The Research Computing clusters and storage systems are unavailable due to routine maintenance from approximately 6 AM to 2 PM on the second Tuesday of every month (please mark your calendar). If the runtime limit of your job submission extends into the maintenance period then the scheduler will not start the job until after maintenance is complete. This is because the job would have to be killed when the clusters go offline. Submitted jobs will have a status of "PD" for pending with the reason being "(ReqNodeNotAvail, Reserved for maintenance)". Leave your job in the queue and it will run as expected after the maintenance period. In some cases it may be useful to lower the requested runtime limit so that the job can finish before the clusters go offline at 6 AM on the second Tuesday of the month.


Is it true that some users have priority on certain clusters?

Yes. This is true on every large cluster. Most of the funding for the clusters comes from individual research groups and entire academic departments. Members of these groups get priority when a given cluster is operating at capacity. When there are idle nodes then all users are equal. Run the sshare command to see which groups have the largest priority.


Why can I only run two short jobs at once?

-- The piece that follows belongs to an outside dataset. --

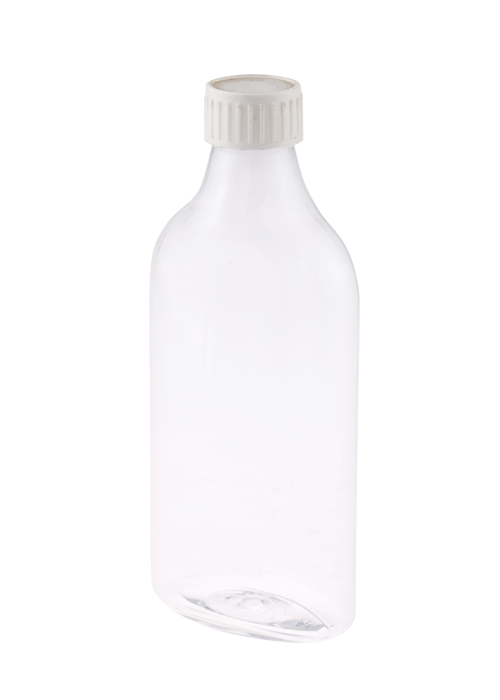 400ml PET Transparent Dryckesflaska Vätskedoseringsflaska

If you try to run multiple jobs with a time limit of less than 1 hour each, you will find that at most two of them run while the others are queued with "QOSMaxJobsPerUserLimit". The explanation is that the jobs are landing in the test queue where the maximum number of jobs is either 1 or 2 per user depending on the cluster. Run the "qos" command to see this. The solution is to set the time limit of your jobs to 62 minutes and then you will be able to run more jobs simultaneously since the jobs will land in a different QOS. Outside of this case you should always use an accurate value for the time limit (with some extra time included for safety).


Is it okay to run serial jobs on TigerCPU or Stellar?

Not really. TigerCPU and Stellar were designed for parallel jobs that require multiple nodes. Serial and single-node jobs on TigerCPU are assigned to the serial partition. Jobs on Stellar that allocate less than half of a node (<48 cores) are assigned to the serial partition. The scheduler on these clusters has been configured to give jobs in the serial partition the lowest priority. This means that jobs in the serial partition will only run when the scheduler cannot start a multinode job. In some cases, squeue will classify the reason that the small job is pending as (Nodes required for job are DOWN, DRAINED or reserved for jobs in higher priority partitions). This is indicating that the required resources are being used for large jobs. Your serial or single-node job will eventually run, however. If your code is GPU-enabled then it is perfectly fine run serial or single-node GPU jobs on TigerGPU. There is no priority penalty in such cases.

Della is designed to handle a range of job sizes including small jobs.